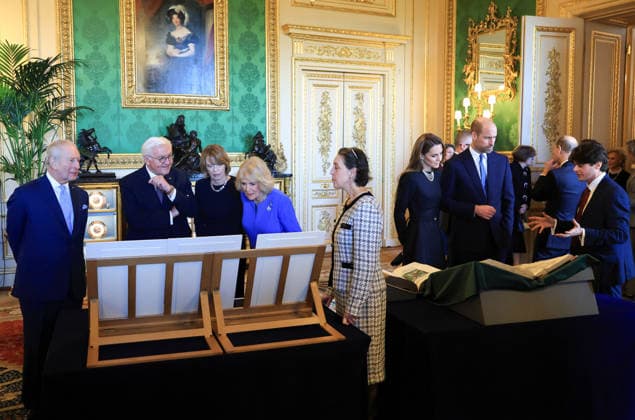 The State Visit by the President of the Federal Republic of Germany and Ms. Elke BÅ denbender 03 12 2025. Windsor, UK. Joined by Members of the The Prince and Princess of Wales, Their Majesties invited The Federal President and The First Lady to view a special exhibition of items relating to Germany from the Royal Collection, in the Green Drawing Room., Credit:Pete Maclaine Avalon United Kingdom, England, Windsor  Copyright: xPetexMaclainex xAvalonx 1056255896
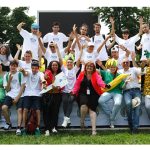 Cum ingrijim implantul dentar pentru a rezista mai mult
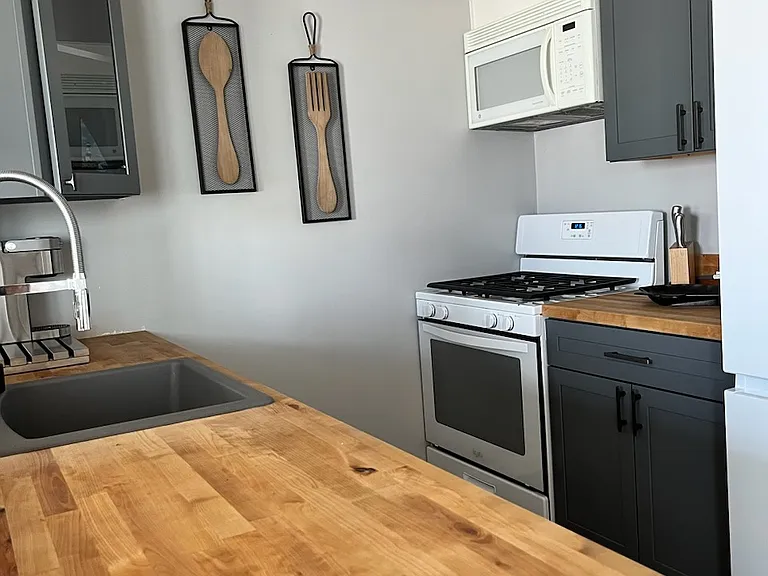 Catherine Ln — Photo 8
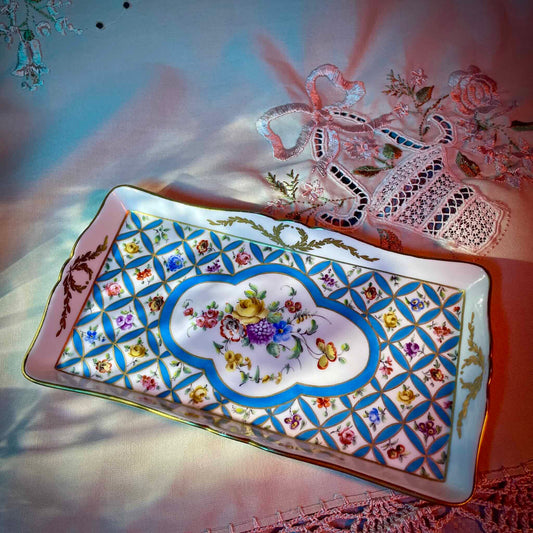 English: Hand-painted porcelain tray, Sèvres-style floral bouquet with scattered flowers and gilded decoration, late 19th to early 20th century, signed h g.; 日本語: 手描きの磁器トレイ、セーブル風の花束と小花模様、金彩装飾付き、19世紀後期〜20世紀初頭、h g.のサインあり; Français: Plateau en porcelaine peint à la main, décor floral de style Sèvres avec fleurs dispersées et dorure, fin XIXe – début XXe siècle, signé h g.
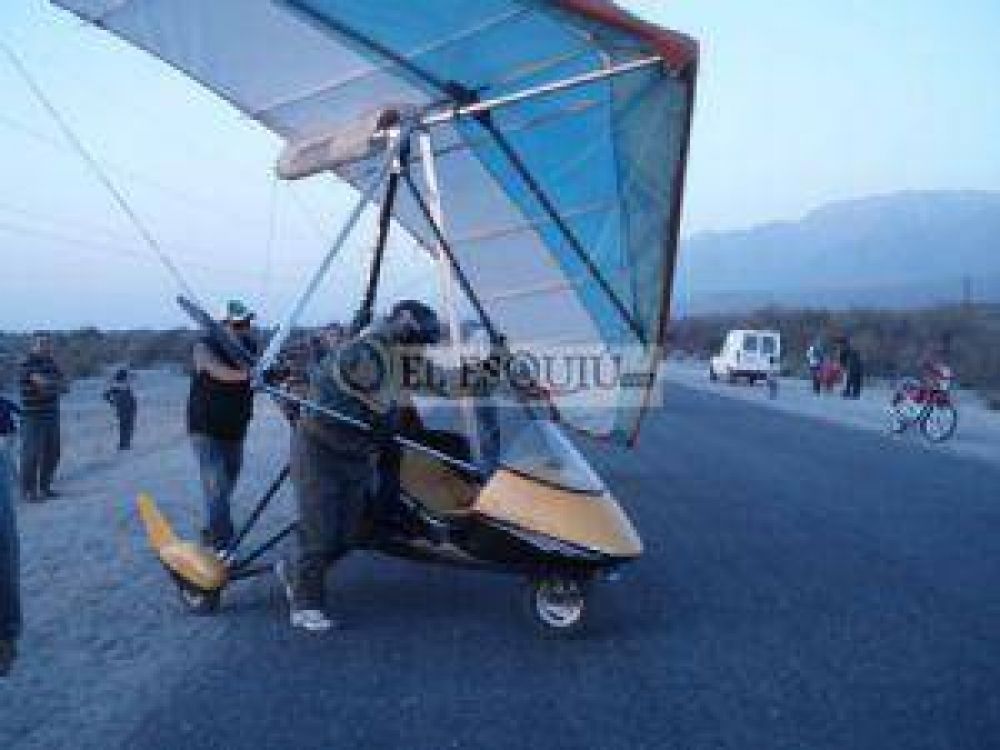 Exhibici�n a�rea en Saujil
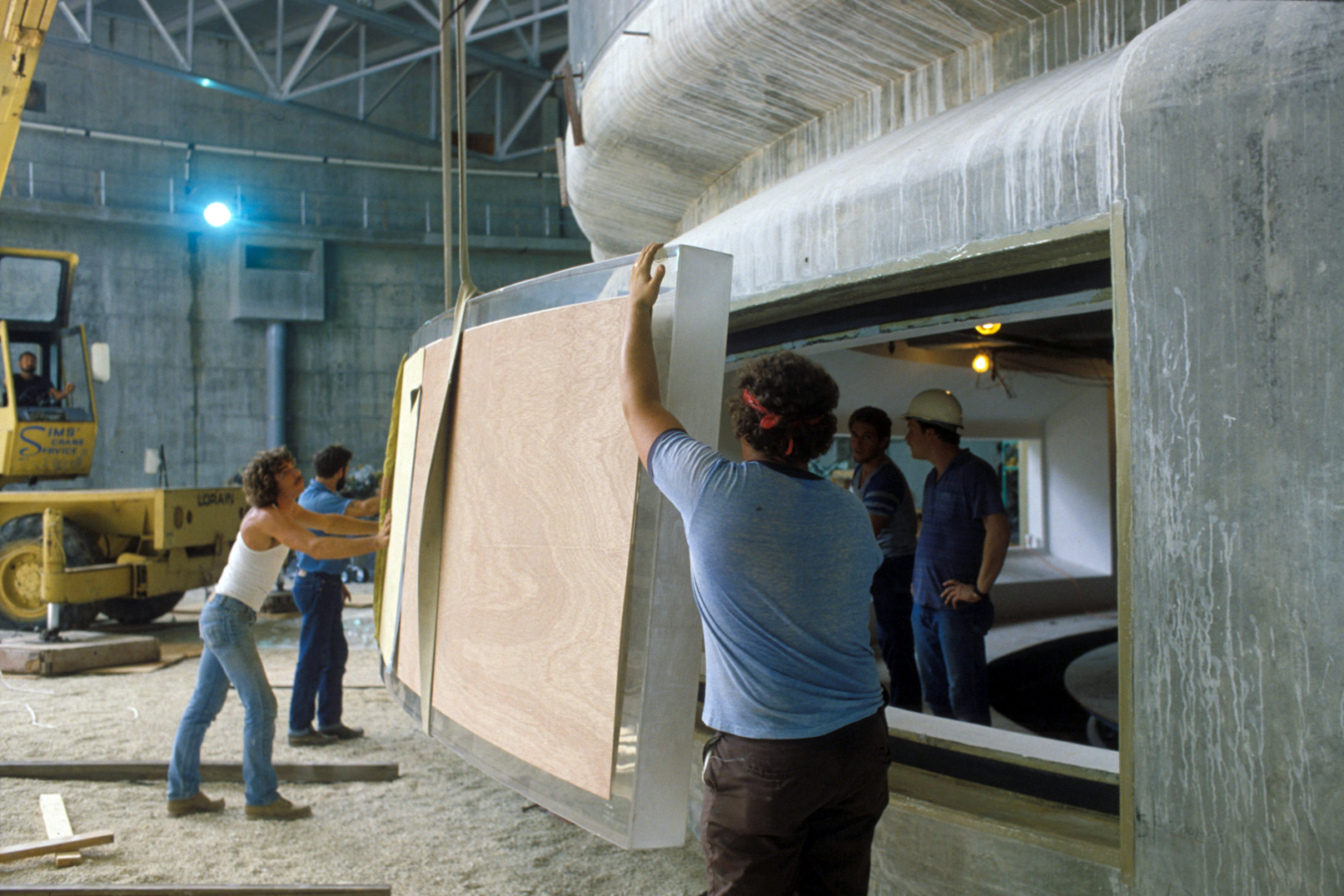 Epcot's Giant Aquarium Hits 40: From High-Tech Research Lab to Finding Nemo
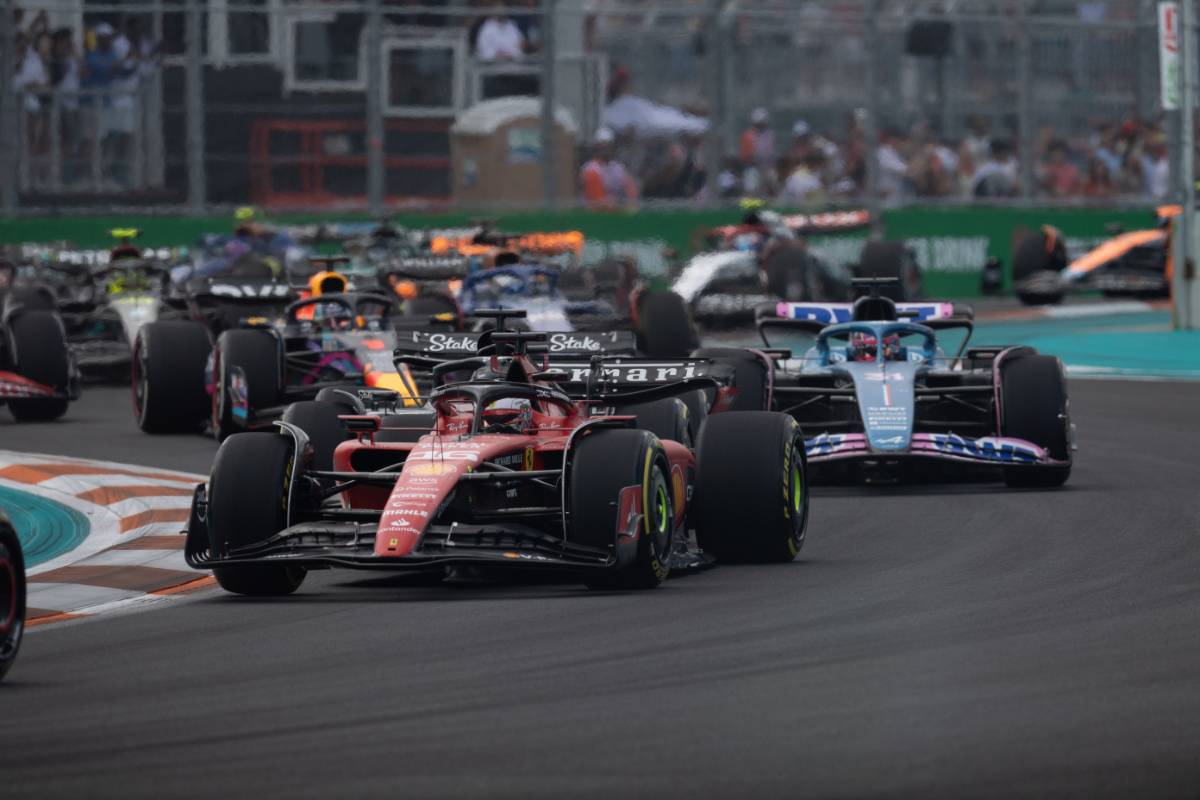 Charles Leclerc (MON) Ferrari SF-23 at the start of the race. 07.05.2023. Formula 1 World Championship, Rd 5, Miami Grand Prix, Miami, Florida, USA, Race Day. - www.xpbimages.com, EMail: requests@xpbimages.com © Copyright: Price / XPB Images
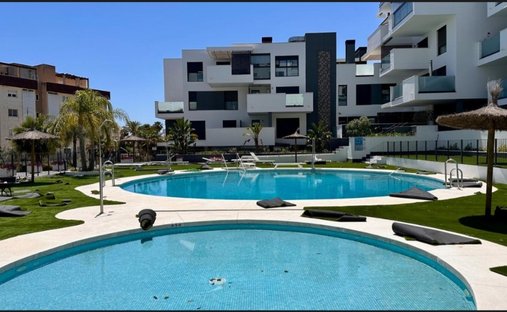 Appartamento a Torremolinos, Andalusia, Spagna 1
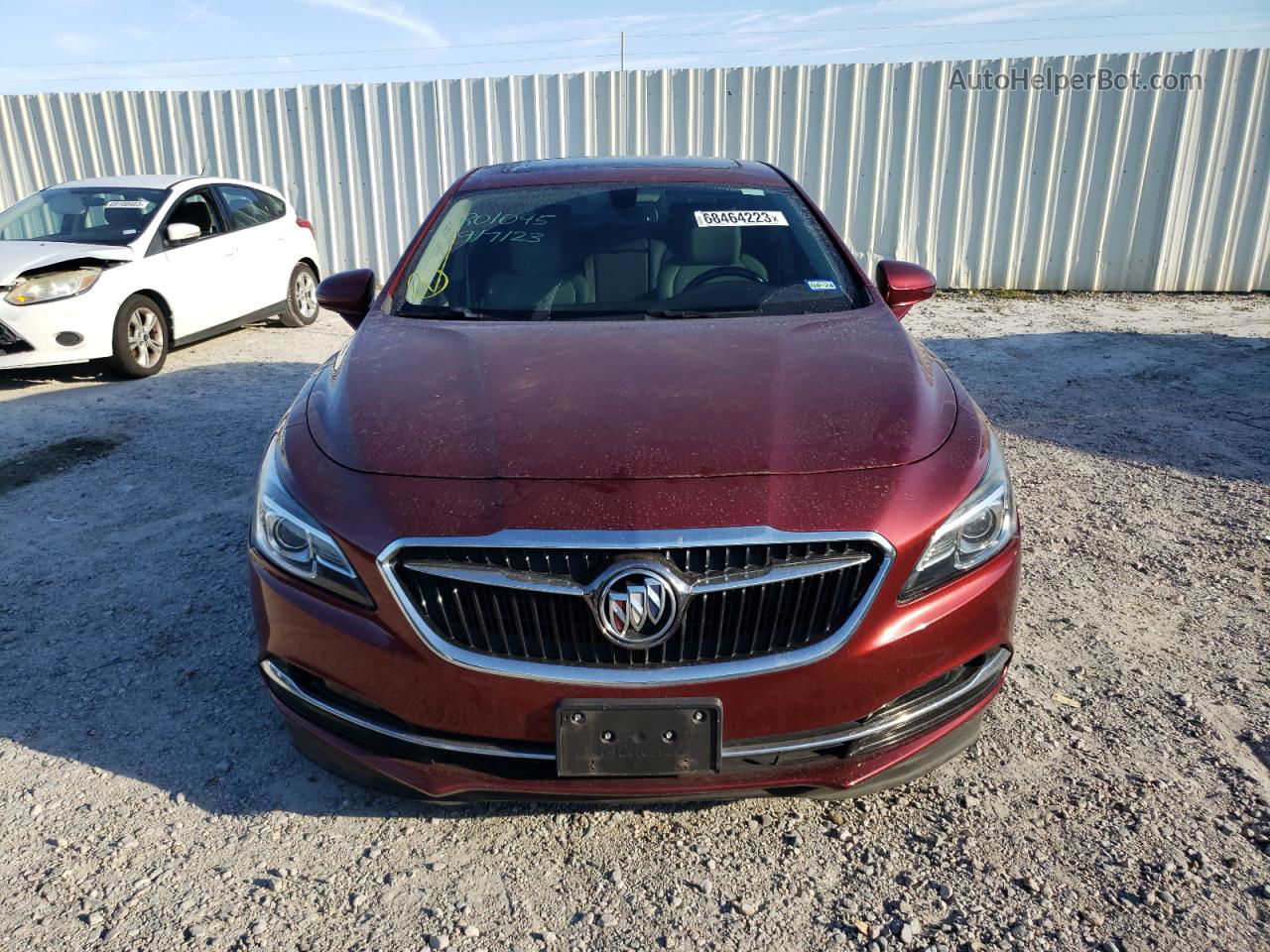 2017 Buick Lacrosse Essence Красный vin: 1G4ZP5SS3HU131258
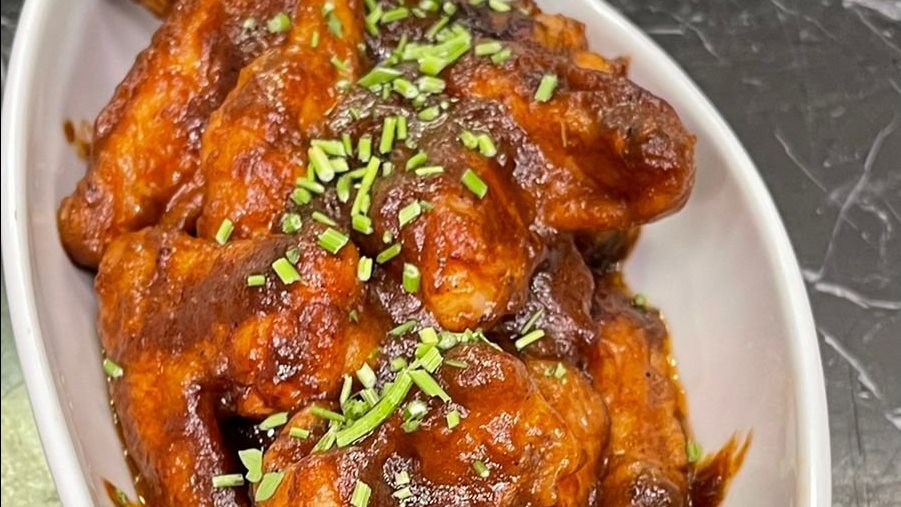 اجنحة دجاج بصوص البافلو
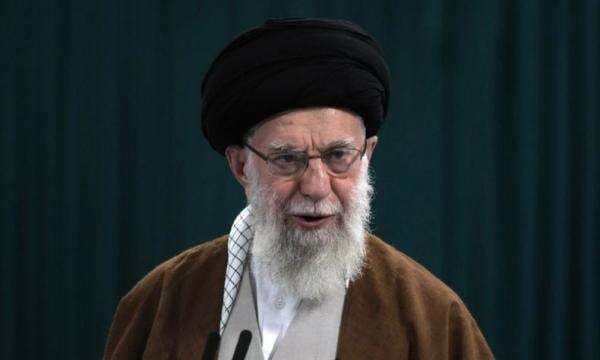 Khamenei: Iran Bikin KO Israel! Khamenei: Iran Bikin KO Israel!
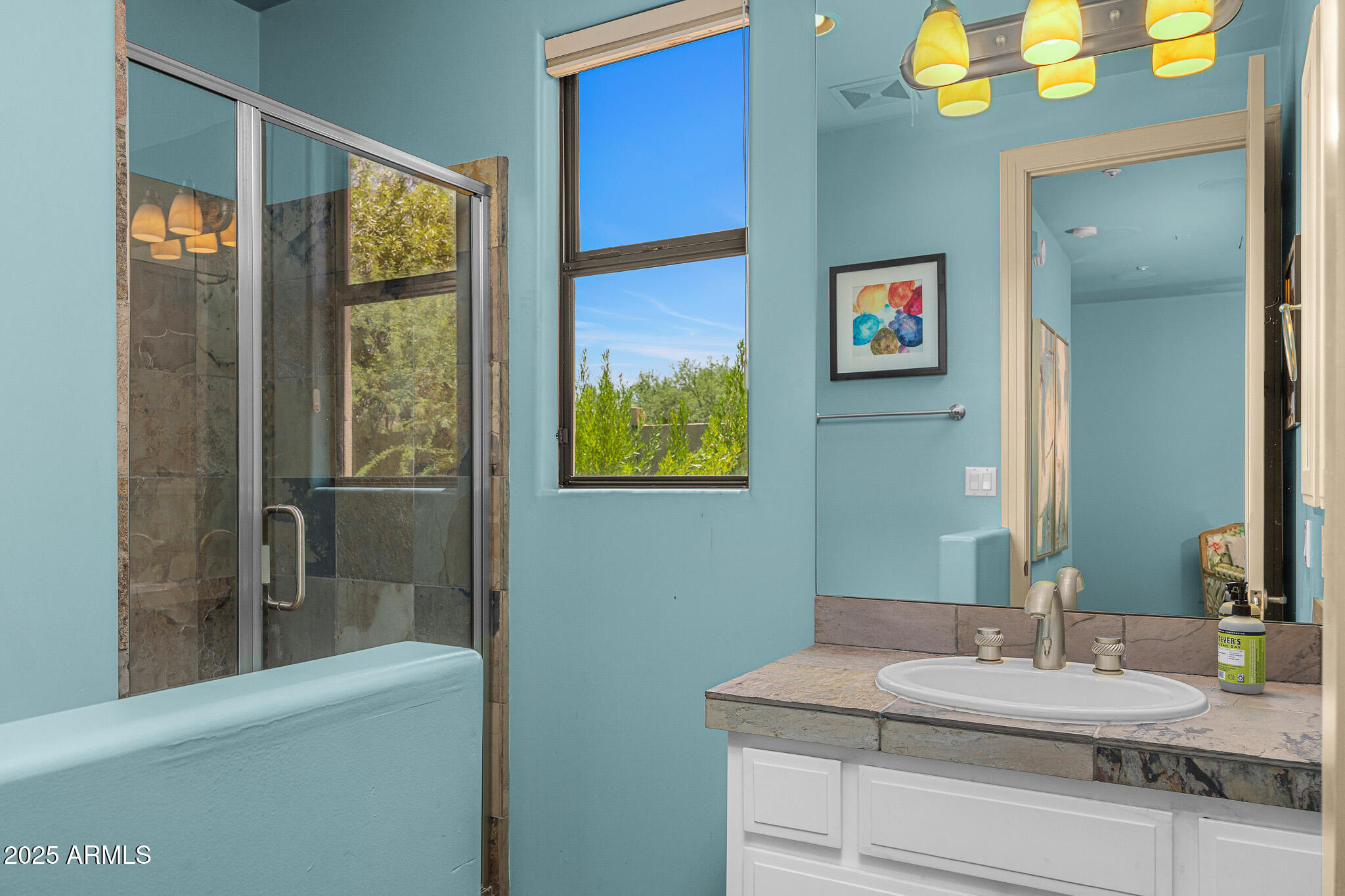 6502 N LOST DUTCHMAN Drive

==============================

## WHAT YOU ARE ASKED TO DO:
Please copy the lines above exactly, starting at the line that holds "Cum ingrijim implantul" and ending at the line that holds "Epcot's Giant Aquarium"; include both, but no pictures.

## EXERCISE ANSWER:
 Cum ingrijim implantul dentar pentru a rezista mai mult
 Catherine Ln — Photo 8
 English: Hand-painted porcelain tray, Sèvres-style floral bouquet with scattered flowers and gilded decoration, late 19th to early 20th century, signed h g.; 日本語: 手描きの磁器トレイ、セーブル風の花束と小花模様、金彩装飾付き、19世紀後期〜20世紀初頭、h g.のサインあり; Français: Plateau en porcelaine peint à la main, décor floral de style Sèvres avec fleurs dispersées et dorure, fin XIXe – début XXe siècle, signé h g.
 Exhibici�n a�rea en Saujil
 Epcot's Giant Aquarium Hits 40: From High-Tech Research Lab to Finding Nemo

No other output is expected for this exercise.